Note that this is equivalent to (but typically faster than) resampling with a frequency table from :func:cmomy.resample.jackknife_freq

>>> freq = cmomy.resample.jackknife_freq(4)
>>> resample_data(data, sampler=dict(freq=freq), mom_ndim=1, axis=0)
array([[1.5582, 0.7822, 0.2247],
       [2.1787, 0.6322, 0.22  ],
       [1.5886, 0.5969, 0.0991],
       [1.2601, 0.4982, 0.3478]])

To speed up the calculation even further, pass in data_reduced

>>> data_reduced = cmomy.reduce_data(data, mom_ndim=1, axis=0)
>>> jackknife_data(data, mom_ndim=1, axis=0, data_reduced=data_reduced)
array([[1.5582, 0.7822, 0.2247],
       [2.1787, 0.6322, 0.22  ],
       [1.5886, 0.5969, 0.0991],
       [1.2601, 0.4982, 0.3478]])

Also works with DataArray objects

>>> xdata = xr.DataArray(data, dims=["samp", "mom"])
>>> jackknife_data(xdata, mom_ndim=1, dim="samp", rep_dim="jackknife")
<xarray.DataArray (jackknife: 4, mom: 3)> Size: 96B
array([[1.5582, 0.7822, 0.2247],
       [2.1787, 0.6322, 0.22  ],
       [1.5886, 0.5969, 0.0991],
       [1.2601, 0.4982, 0.3478]])
Dimensions without coordinates: jackknife, mom
cmomy.resample.jackknife_freq(ndat)[source]#

Frequency array for jackknife resampling.

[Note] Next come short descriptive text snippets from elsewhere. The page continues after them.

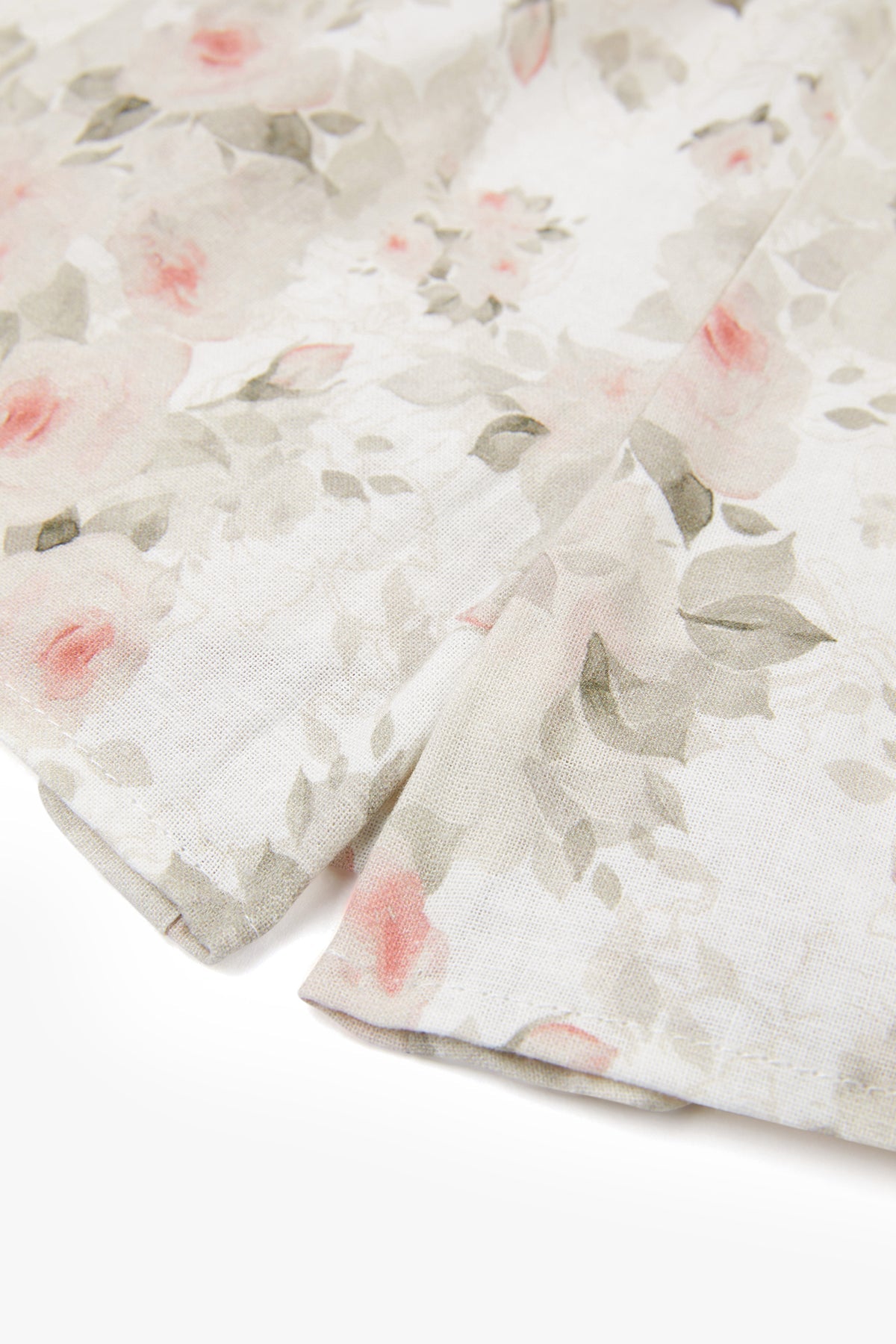 Wonderland Short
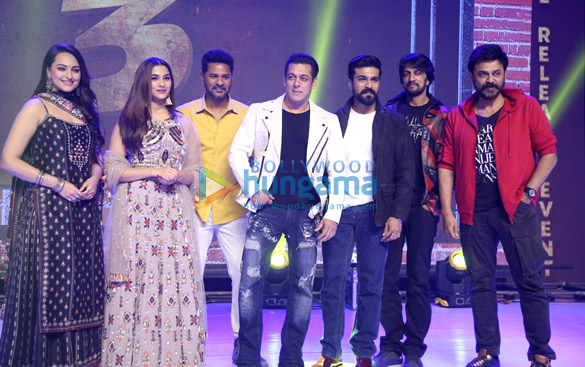 photos salman khan sonakshi sinha prabhu dheva and others grace the dabangg 3 pre release event in hyderabad 9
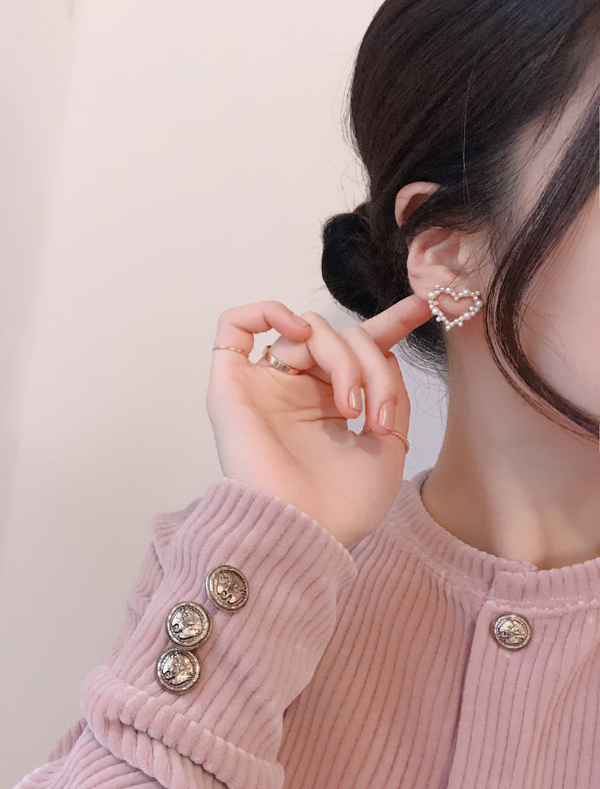 <b><p>Sugar Pel Cubic Het Erings 5col sp handmade</p></b><b><p>シュガー 真珠 キュービック ハートピアス 5色 春 ハンドメイド ディテールがきれい</p></b><br /><br /><p align='center'>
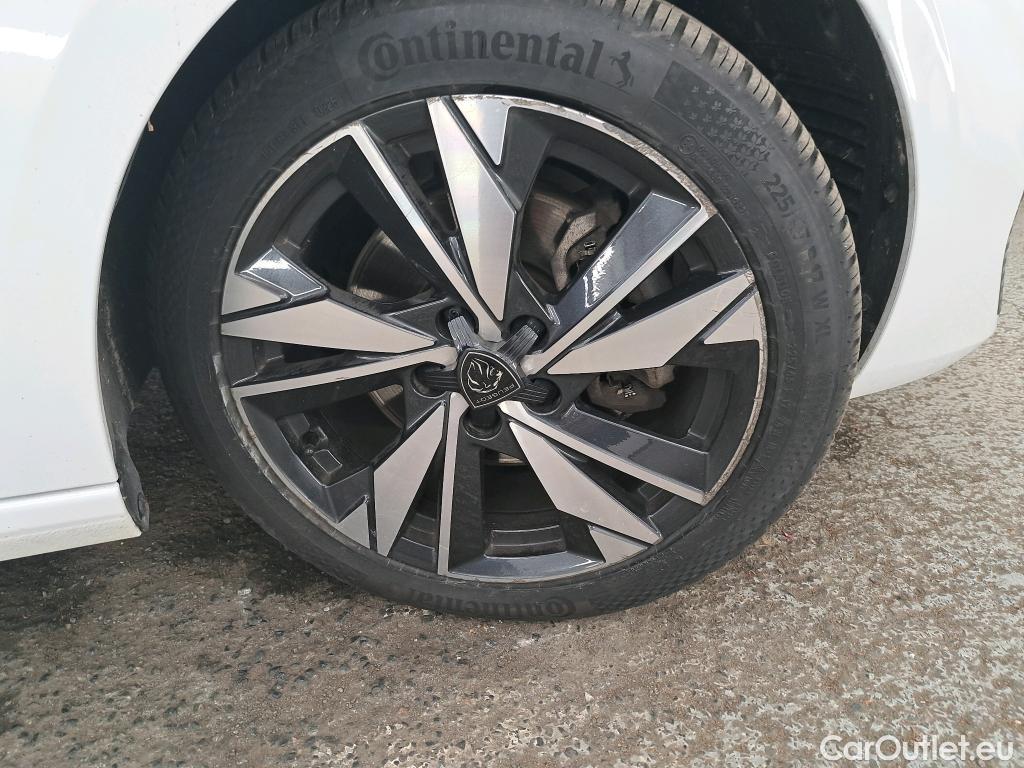  Peugeot  308 PEUGEOT  SW / 2021 / 5P / Break BlueHDi 130 EAT8 ALLURE #14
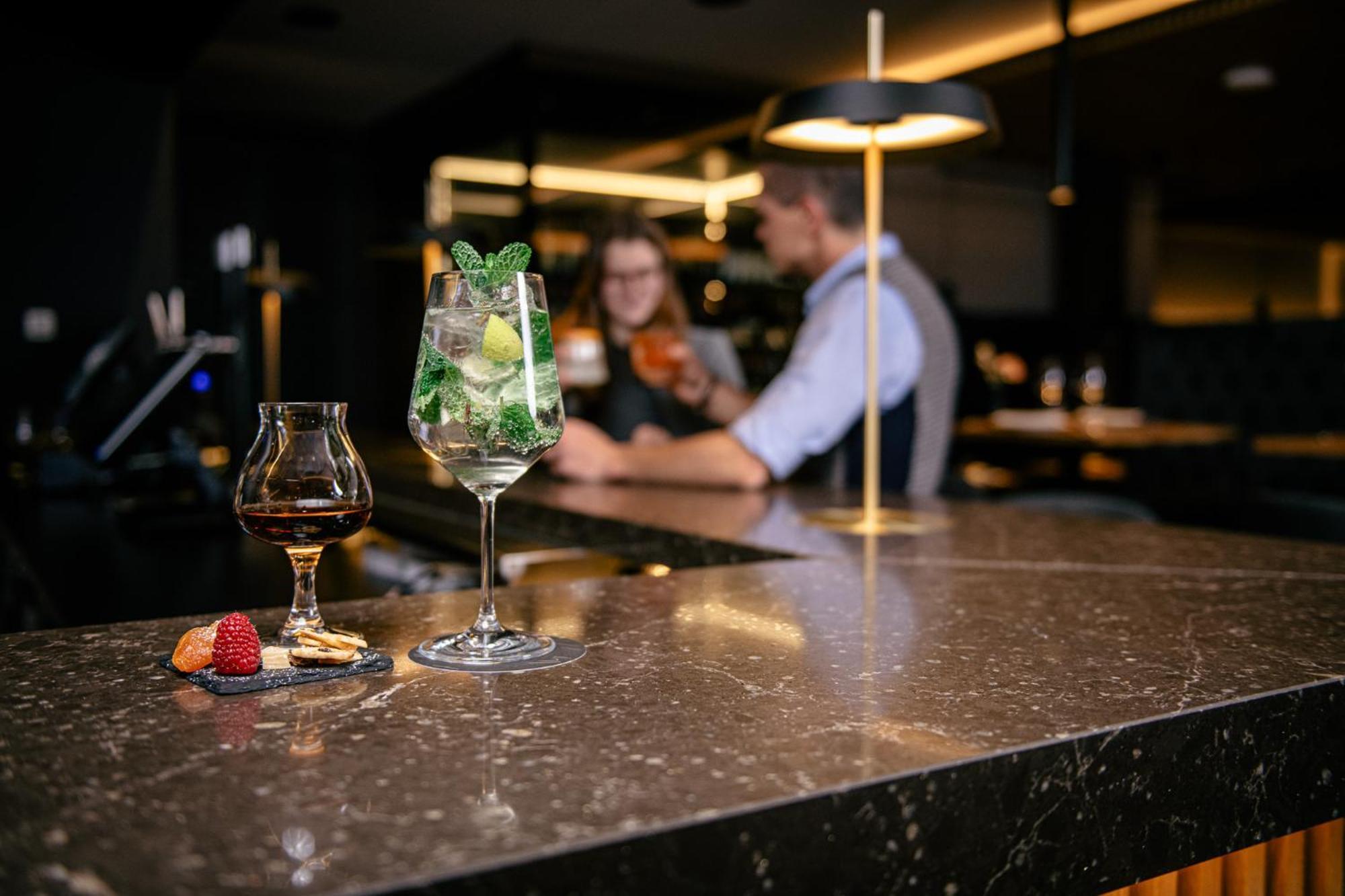 Hotel Post Alpine Cityflair Brunico Luaran gambar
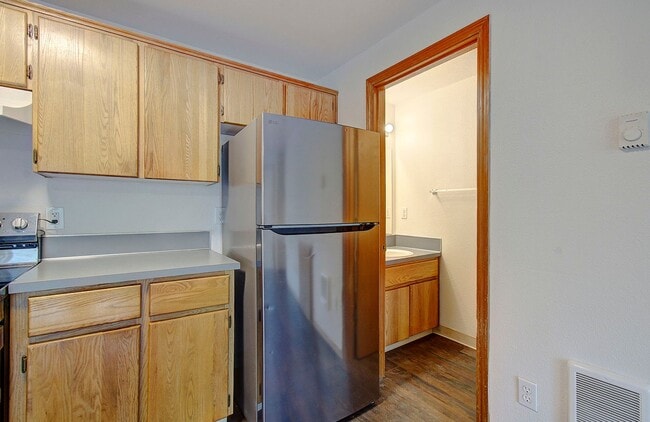 Building Photo - Spacious 3bd 2.5ba Unit in 4Plex - Avail. Now!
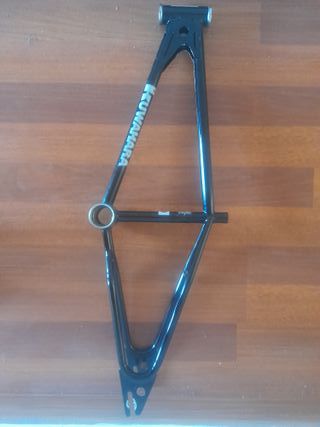 Cuadro y horquilla Kuwahara KZ2 (1982)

Use this frequency array to perform jackknife [1] resampling

Parameters:

ndat (int) – Size of data along resampled axis.

Returns:

freq (ndarray) – Frequency array for jackknife resampling.

References

Examples

>>> jackknife_freq(4)
array([[0, 1, 1, 1],
       [1, 0, 1, 1],
       [1, 1, 0, 1],
       [1, 1, 1, 0]])
cmomy.resample.jackknife_vals(x, *y, data_reduced=None, mom, axis=MISSING, dim=MISSING, weight=None, mom_dims=None, mom_params=None, rep_dim='rep', out=None, dtype=None, casting='same_kind', order=None, parallel=None, axes_to_end=True, keep_attrs=None, apply_ufunc_kwargs=None)[source]#

Jackknife by value.

Parameters:
  • x (array-like or DataArray or Dataset) – Values to reduce.

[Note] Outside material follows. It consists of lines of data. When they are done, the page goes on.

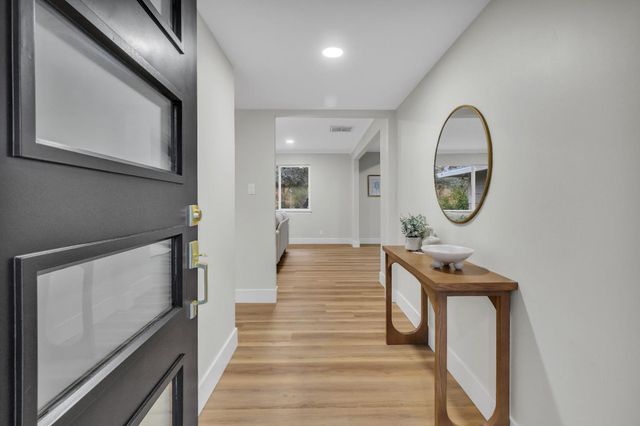 8200 Shangrila Dr, Fair Oaks, CA 95628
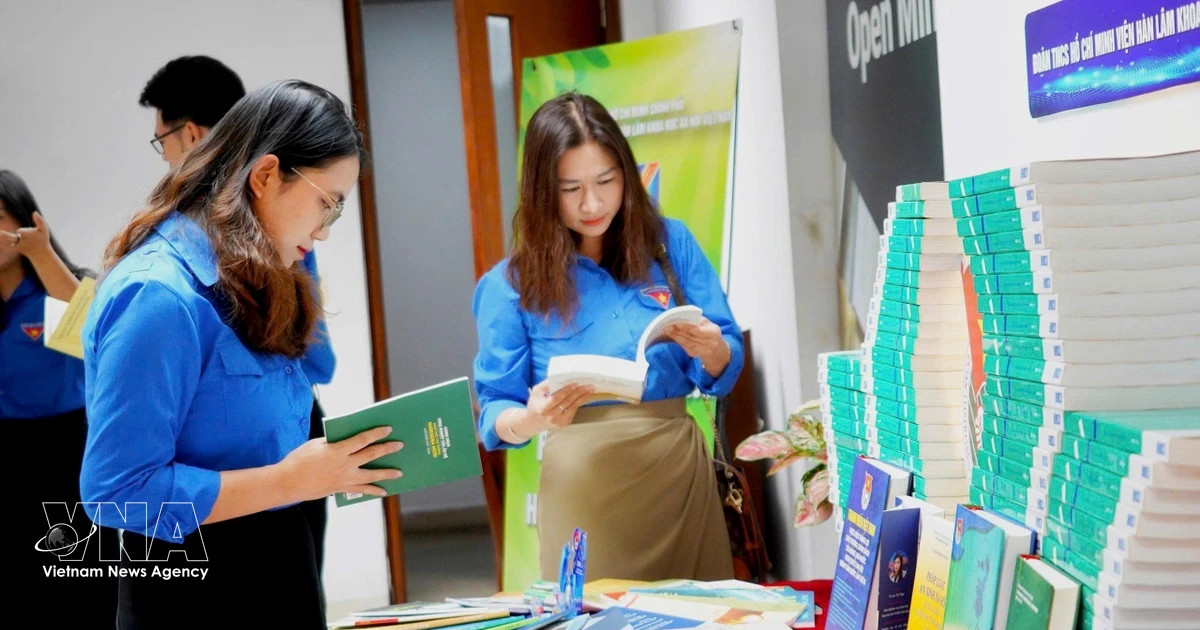 Book week underscores role of knowledge in policymaking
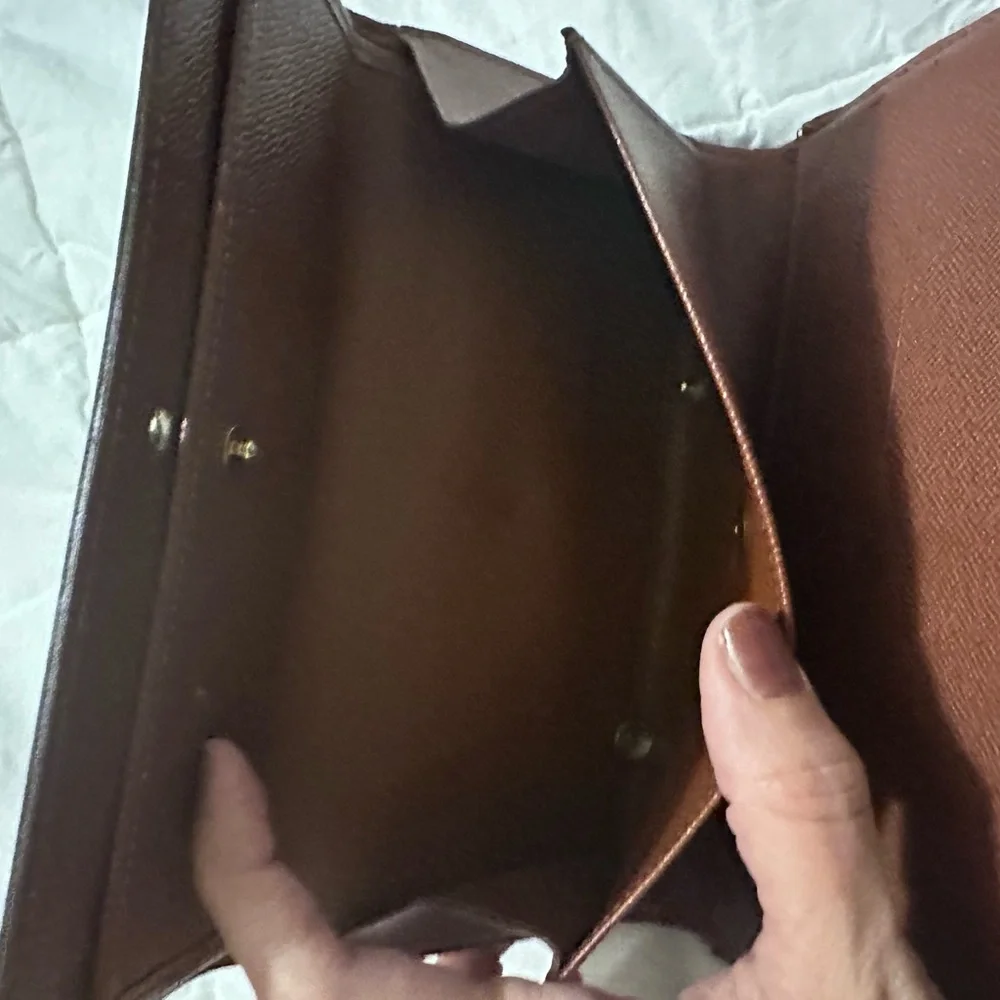 Louis Vuitton Sarah Monogram Wallet - Picture 4 of 6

  • *y (array-like or DataArray or Dataset) – Additional values (needed if len(mom)==2). y has same type restrictions and broadcasting rules as weight.

  • data_reduced (array-like or DataArray, optional) – data reduced along axis or dim. This will be calculated using reduce_vals() if not passed. Same type restrictions as weight.

  • mom (int or tuple of int) – Order or moments. If integer or length one tuple, then moments are for a single variable. If length 2 tuple, then comoments of two variables

  • axis (int) – Axis to reduce/sample along.

  • dim (hashable) – Dimension to reduce/sample along.

  • weight (array-like or DataArray or Dataset) –

    Optional weight. The type of weight must be “less than” the type of x.

    In the case that weight is array-like, it must broadcast to x using usual broadcasting rules (see numpy.broadcast_to()), with the following exceptions: If weight is a 1d array of length x.shape[axis]], it will be formatted to broadcast along the other dimensions of x. For example, if x has shape (10, 2, 3) and weight has shape (10,), then weight will be converted to the broadcastable shape (10, 1, 1). If weight is a scalar, it will be broadcast to x.shape.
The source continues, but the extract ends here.